** Supplied entries follows **
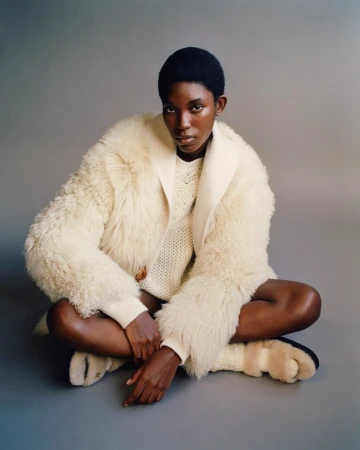 Adult female in a fur coat and sweater sits cross-legged on a grey studio backdrop, gazing directly at the camera in a fashion shot.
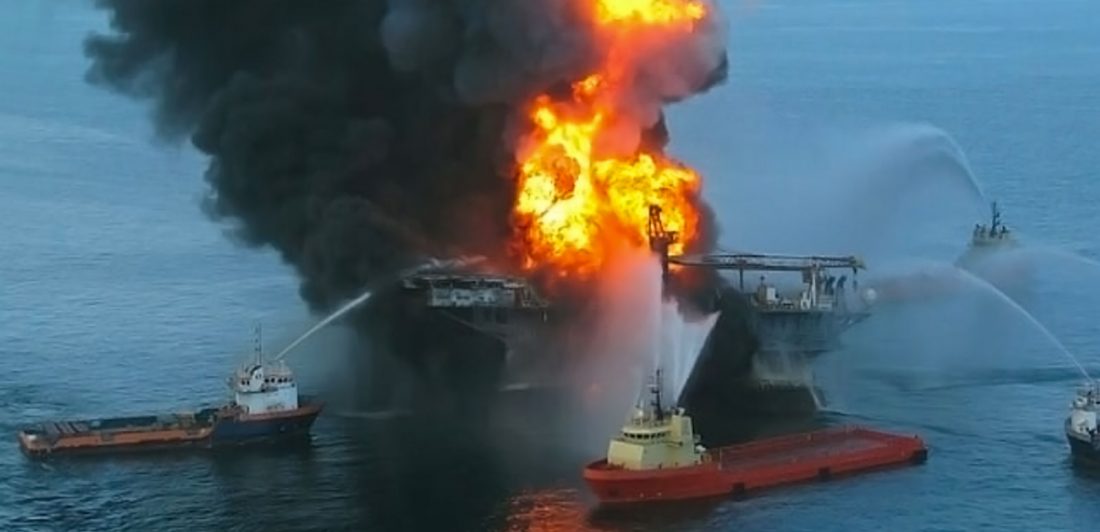 Image of large fire at an offshore oil rig being put out by boats spraying water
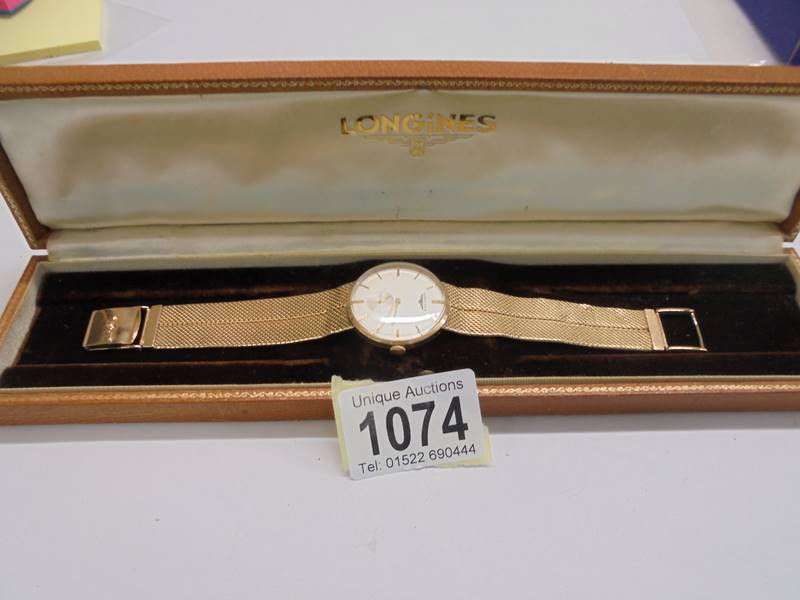 A vintage cased Longines 9ct gold wrist watch.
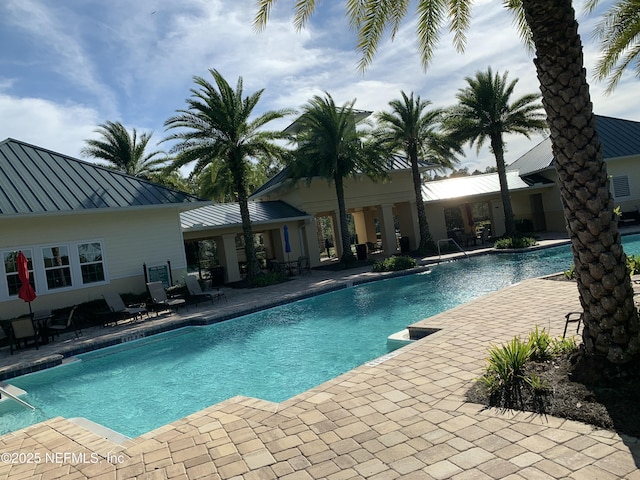 488 Broomsedge Cir, Saint Augustine, FL 32095 - community pool featuring a patio area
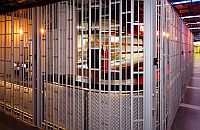 Detail of sliding security shutter folding around the 90 degree corner of a bar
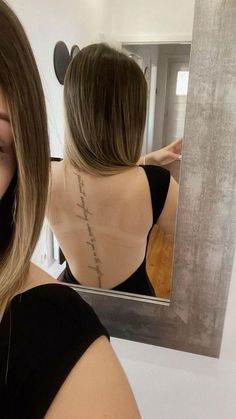 a woman looking at her back in front of a mirror with writing on the back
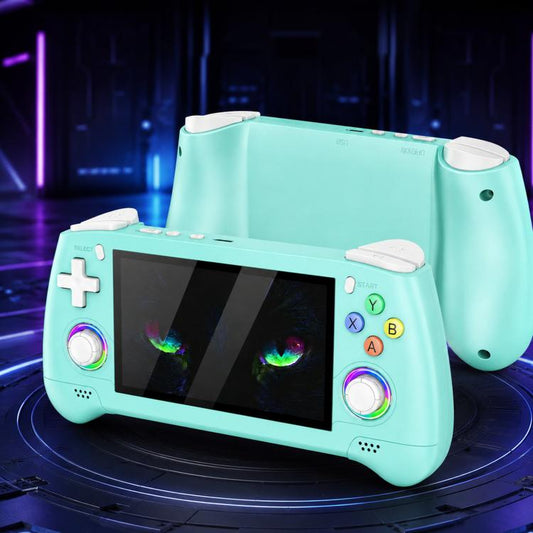 Mint portable handheld game console with front screen, joystick and colored action buttons
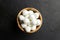 Mini mozzarella cheese balls in wooden bowl on black stony background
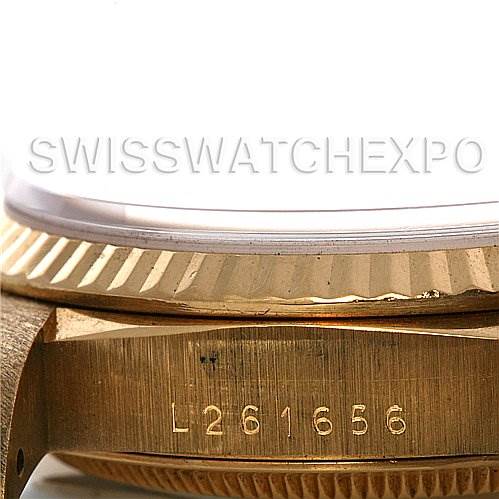 This image shows a close-up of the serial number and fluted bezel on a Rolex President 18238 Men's Yellow Gold White Dial 18238 Men's Yellow Gold White Dial model watch.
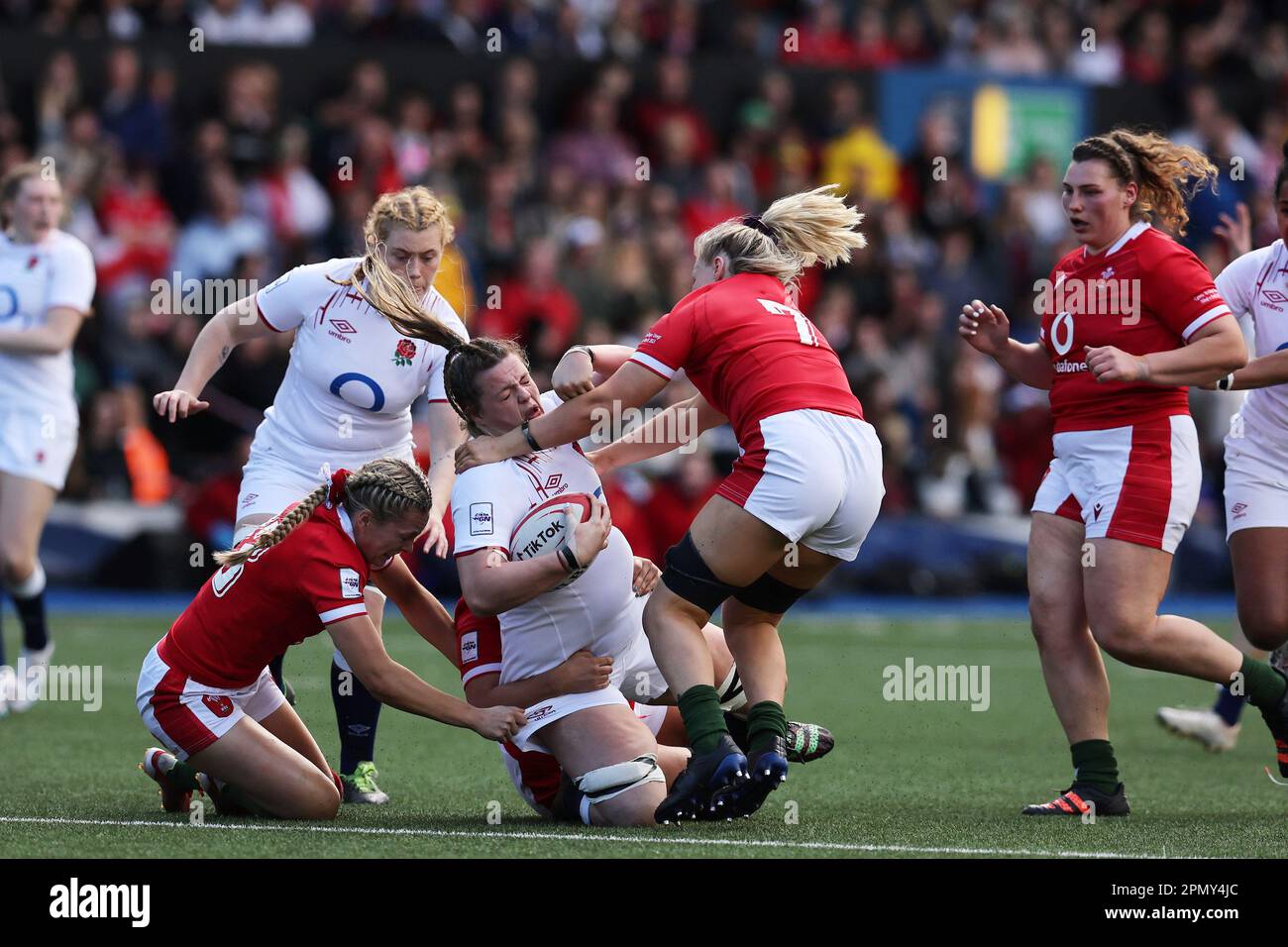 Cardiff, UK. 15th Apr, 2023. Sarah Beckett of England (c) is stopped by Hannah Jones (l) and Alex Callender of Wales (r). TikTok Women's Six Nations 2023 championship, Wales women v England women at Cardiff Arms Park in Cardiff, South Wales on Saturday 15th April 2023. pic by Andrew Orchard/Andrew Orchard sports photography/Alamy Live news Credit: Andrew Orchard sports photography/Alamy Live News Stock Photo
** End of Supplied entries **
[What you have to do] From the first line of the entries down to the line with "Image of large", print each line exactly; omit any picture.

[Answer section]
 Adult female in a fur coat and sweater sits cross-legged on a grey studio backdrop, gazing directly at the camera in a fashion shot.
 Image of large fire at an offshore oil rig being put out by boats spraying water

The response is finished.